**Source material:**
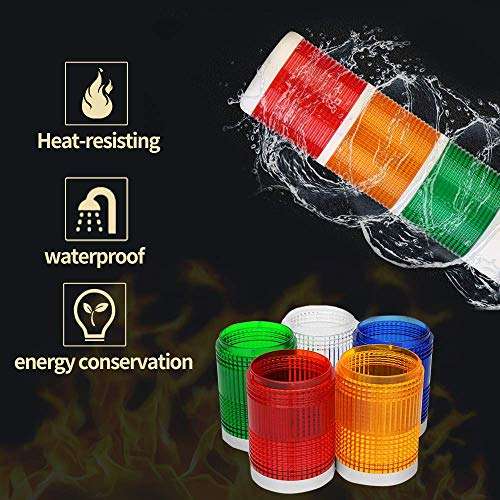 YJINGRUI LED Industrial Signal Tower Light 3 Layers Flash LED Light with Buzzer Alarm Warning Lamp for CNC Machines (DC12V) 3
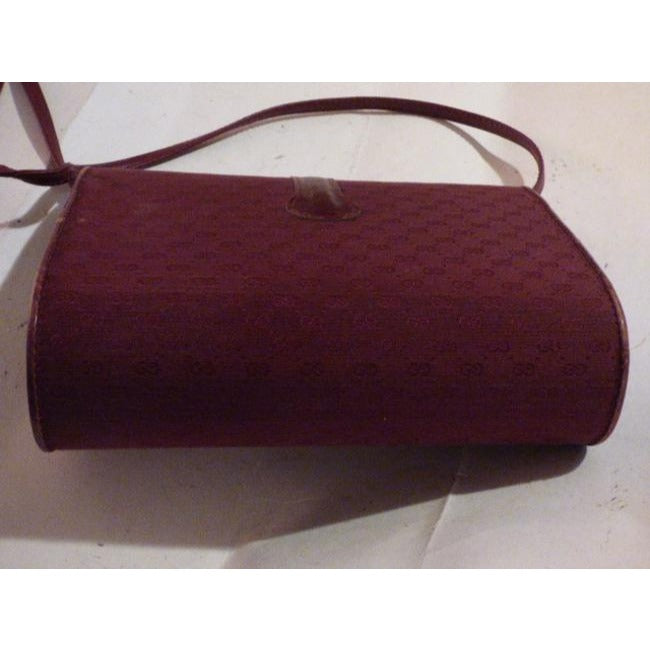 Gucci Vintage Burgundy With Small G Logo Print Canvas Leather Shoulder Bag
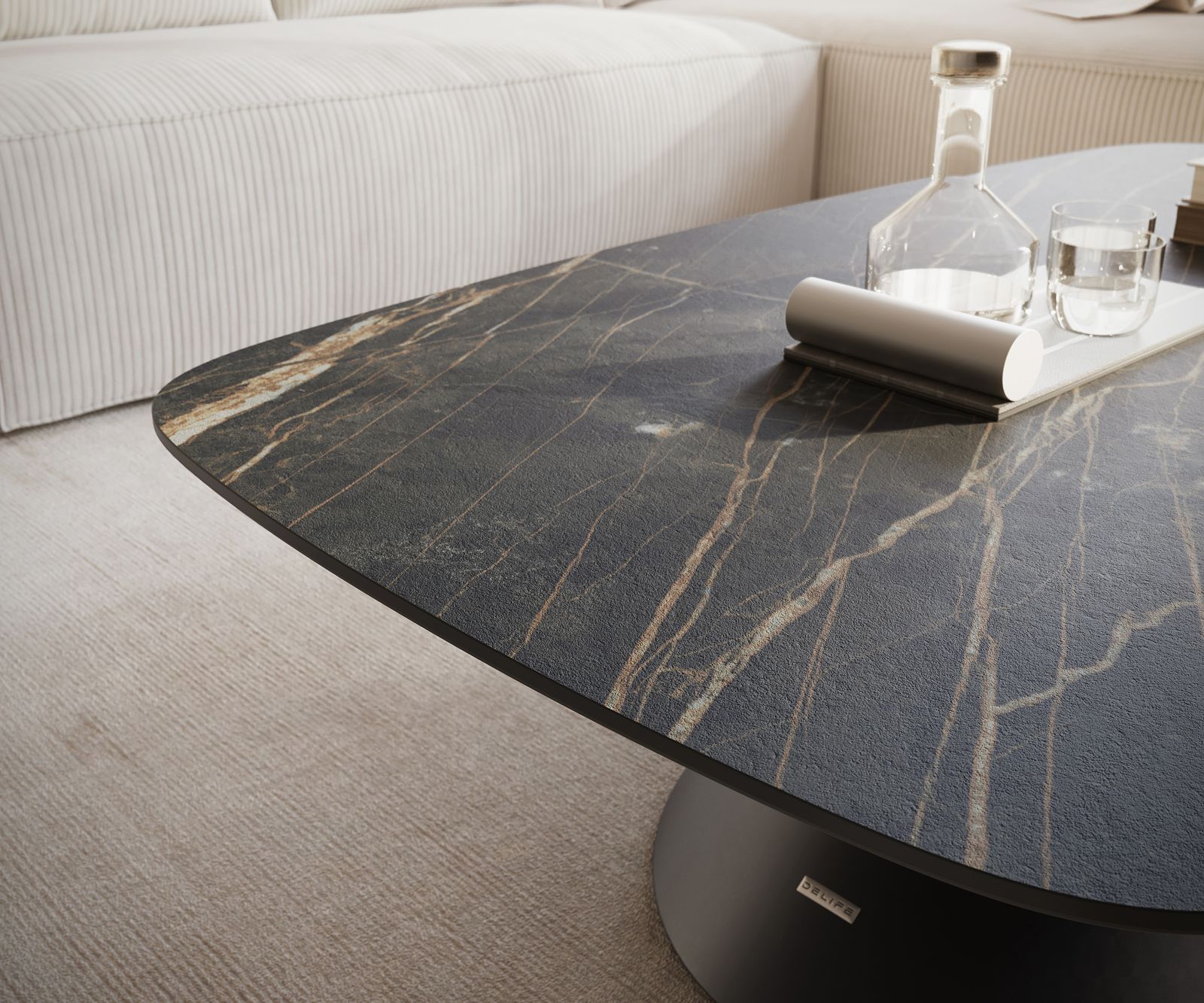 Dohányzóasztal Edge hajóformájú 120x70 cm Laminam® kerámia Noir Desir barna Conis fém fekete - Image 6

**What to produce:** The reply should consist only of the lines running from the one with "Gucci Vintage Burgundy" through the end of the material, both included, copied exactly; please omit pictures.

**Task response:**
 Gucci Vintage Burgundy With Small G Logo Print Canvas Leather Shoulder Bag
 Dohányzóasztal Edge hajóformájú 120x70 cm Laminam® kerámia Noir Desir barna Conis fém fekete - Image 6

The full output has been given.